Researchers measured the oxytocin levels in children to find if it could be associated with behaviour problems in preschool. The results showed that children with higher levels of oxytocin adapt better to their preschool environment and that playing with their parents increases those levels.
Known as one of the hormones implicated in social affiliation behaviors, oxytocin has been the subject of several studies that seek to understand its role in various mental pathologies and behavioural disorders. This feel-good hormone is produced in the brain in various situations in human life and its higher concentration in the body has been shown to be associated with greater empathy, generosity and trust in other people.
Will it then be possible to use oxytocin as a therapeutic substance in problems such as autism, anxiety, aggression, or hyperactivity? “In fact, the role of oxytocin has proved to be oscillating, elusive and with contradictory results”, explains Nuno Torres, a researcher supported by the BIAL Foundation, in an article published in the Portuguese newspaper Público.
Considering previous studies that showed a reduced effectiveness in the administration of oxytocin to people with adverse childhood experiences, and even that its excessive administration may be linked to greater aggression, a team of researchers of the William James Center for Research of the ISPA – University Institute, in collaboration with the Washington State University, studied the production of oxytocin and its presence in preschool age children to understand whether the concentration of this neuropeptide in different situations could be associated with greater or lesser problems of behaviour in the preschool.

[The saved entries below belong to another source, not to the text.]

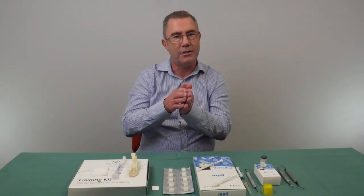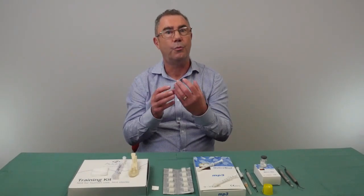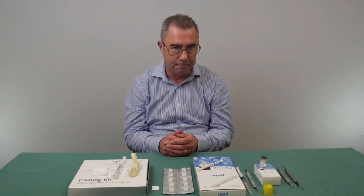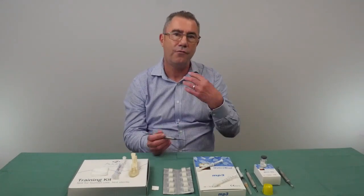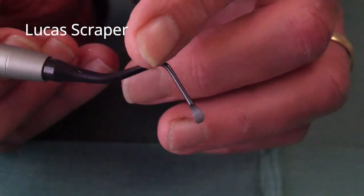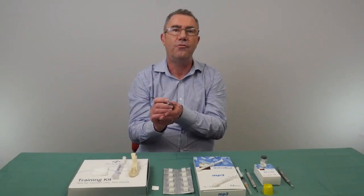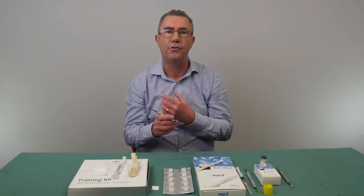This is important whether you're planning a later implant, a bridge — where it will give a better emergence profile for your pontic — or a denture, where it will give you more bone to help retain it. Immediately after extraction, make sure there's no infection at the bottom of the socket. A Lucas scraper is very important here — it's like an extended excavator that you pass down the socket to scrape out any granulation tissue or infection, and it also ensures good blood flow, which is important for socket preservation.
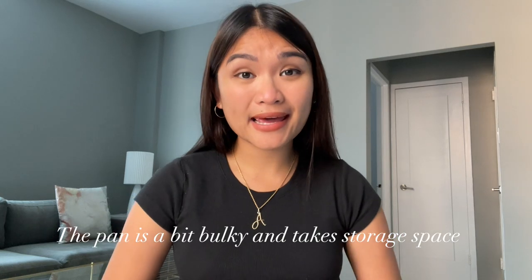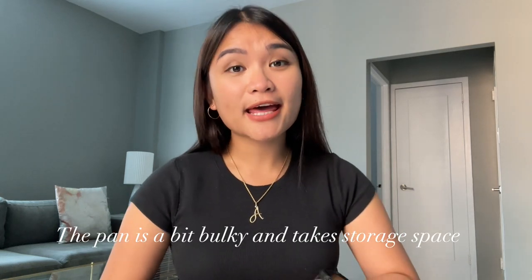Fourth, the pan is a bit bulky and needs good storage. If you're living in a place without much space, like here in New York City, you need to make sure you have proper storage for the pan. If you don't have lots of counter space or kitchen storage, it could be a little bit of a problem. Again, it's not a deal breaker because pans are generally big, but it's something to consider.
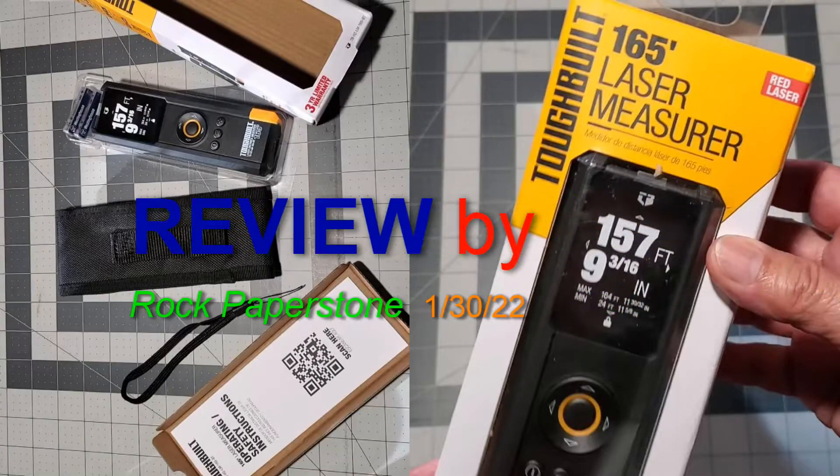This concludes my review of the Toughbuilt 165-foot laser measurer, and I hope that you found my review helpful.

In the article “Salivary oxytocin after play with parents predicts behavioural problems in preschool children” published in February 2022 in the journal Psychoneuroendocrinology, Nuno Torres, Daniel Martins, Lígia Monteiro, António J. Santos, Brian E. Vaughn and Manuela Veríssimo explain that, to measure the oxytocin level, they collected saliva samples from 30 preschool children (17 girls and 13 boys) during five days in different situations: daily routine, before and after dyadic play sessions with their parents. Children’s behavioural problems were assessed by the Caregiver-Teacher Report Form questionnaire, completed by the child’s preschool teacher.
The results predict that children will have a better adaptation and greater harmony in their preschool environment, if they have higher levels of oxytocin circulating in their body. This happens, for example, after they play with their parents for fifteen minutes.
For Nuno Torres, this work “may enable the design of better educational practices, which stimulate global health”. In a near future, “we are also thinking of assessing the levels of oxytocin in parents, to allow us to better understand the process of psychological, biological and social interaction between the two elements, parents and child”, he concludes.